Guest lecturer Maribeth Clark of the New College of Florida presents "Whistling as Women's Work." Co-sponsored by the Department of Women's, Gender, and Sexuality Studies. This lecture is free and open to the public.
Whistling became a viable career for women in the United States in the last decades of the nineteenth century. Although forgotten today, these musicians provided a novel form of entertainment beginning around 1880, and performed in a variety of formal and informal locales, such as vaudeville stages, on Lyceum and Chautauqua circuits and platforms, and on the programs of women’s clubs. They were regularly discussed in newspapers, both as individuals and as a type - the "whistling girl" or "whistling woman." The most successful of these women had international careers, earning a living and enjoying an independent lifestyle, often teaching as well as performing. Whistling women also served as a subject through which the changing role of white middle class women in the U.S. was explored, as a woman’s whistling became a metaphor for women’s participation in the public sphere. As it was said, "whistling girls and hens that crow make their way wherever they go."

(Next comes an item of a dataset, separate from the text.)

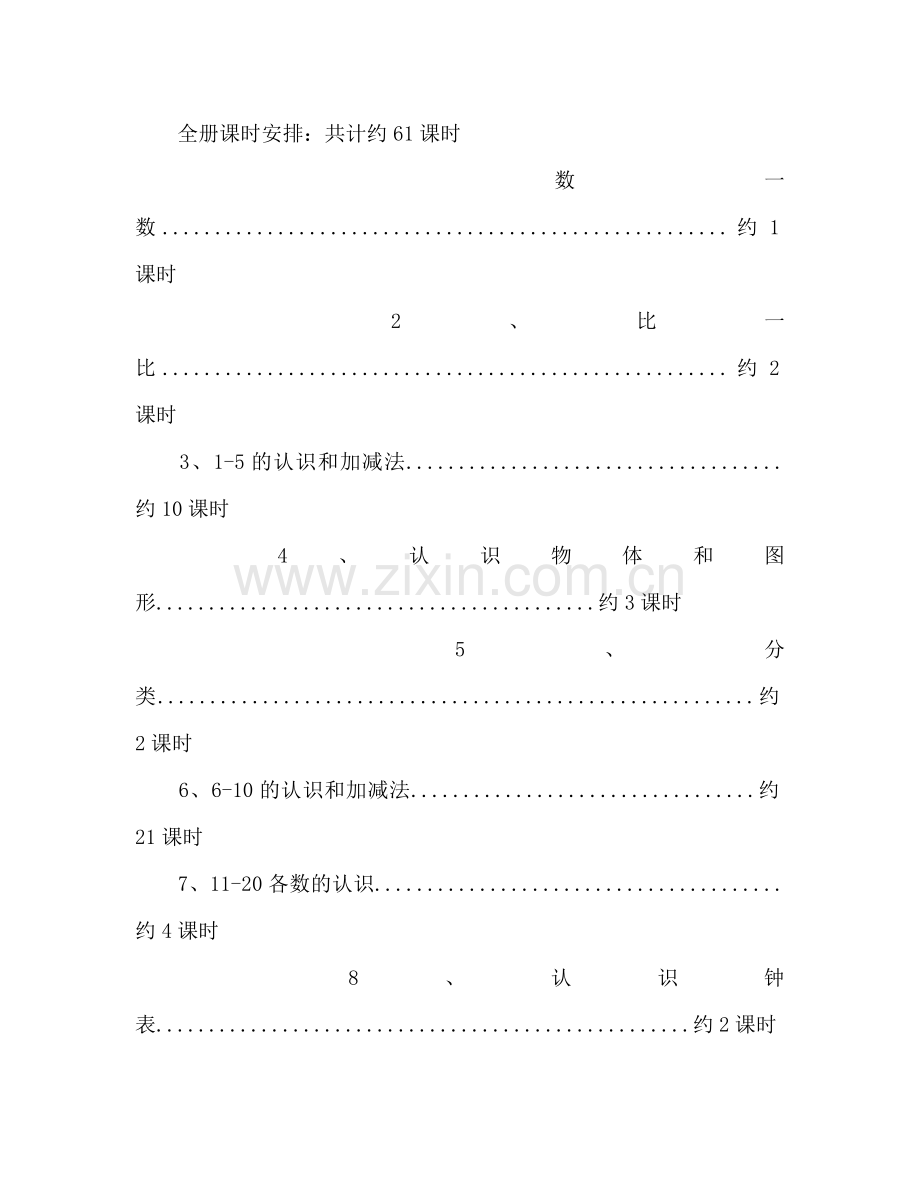 人教版数学第一册教案（新教材）学期参考计划.doc_第3页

Maribeth Clark is associate professor of music at New College of Florida in Sarasota. She is writing a monograph on whistling as women’s work in the United States from 1880 to the era of Disney. In addition, she and Davinia Caddy (University of Auckland, NZ) are developing a collection of essays on dance and the musical canon. Her work has appeared in Journal of Musicology, 19th-Century Music, Musical Quarterly, Journal of the Society of American Music, and Journal of the American Musicological Society.
Musicology lectures are held Mondays 4:30-6 p.m. in the Music/Dance Library, Room 205, second floor of the 18th Avenue Library at 175 West 18th Ave., unless otherwise noted.